February 2021

by suki wessling

Suki Wessling is a local writer and the mother of two adult children. You can read more at SukiWessling.com

Welcome to a New Monthly Feature!

Every study of gender roles in life-as-normal illustrates what most families know to be true: When it comes to childrearing, moms tend to do the bulk of the work. Moms spend more time driving children, miss more work because of children, and do the bulk of the housework, even when they are the primary breadwinner.
What happens when you put a pandemic on top of what was already an inequitable situation? For a lot of moms, Covid has meant crisis. Lacking childcare, private space in their homes for work, and time to help with distance schooling, moms have borne the brunt of this pandemic.

But what’s the old saying? When you need to get something done, find a mom to do it. Moms are not only taking care of our children; we’re also out there taking care of others.

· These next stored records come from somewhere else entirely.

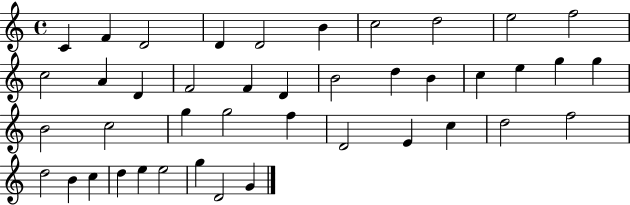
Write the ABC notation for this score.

X:1
T:Untitled
M:4/4
L:1/4
K:C
C F D2 D D2 B c2 d2 e2 f2 c2 A D F2 F D B2 d B c e g g B2 c2 g g2 f D2 E c d2 f2 d2 B c d e e2 g D2 G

This monthly series from Growing Up will highlight some of the moms in our community who are out there making things happen while also caring for kids at home. We’ll feature teachers, healthcare workers, business owners, coaches, and more. If you know of a mom who has made a difference, please email [email protected].

February's Mom

Lisa Mendez

Lisa has faced the test of her career. At home with her own son, who celebrated his fifth birthday recently with a drive-by party, Lisa had to restructure the program.

“I met her when our sons were young, as they’re only several months apart,” says Heidi Olson. “I’m a career nanny, and cared for her son alongside mine, off and on for the past five years. I’m constantly impressed by Lisa’s work at Simcha. Between the fires, a plumbing catastrophe, and now Covid, she has stayed a strong director, taking it all in stride.”

Since March, when preschools in the county were forced to shut down, Lisa has faced the test of her career. At home with her own son, who celebrated his fifth birthday recently with a drive-by party, Lisa had to restructure the program. The restructuring was physical—creating more outside spaces and systems for teachers. And it was also financial—knowing that families most in need of care might be the most strapped for cash.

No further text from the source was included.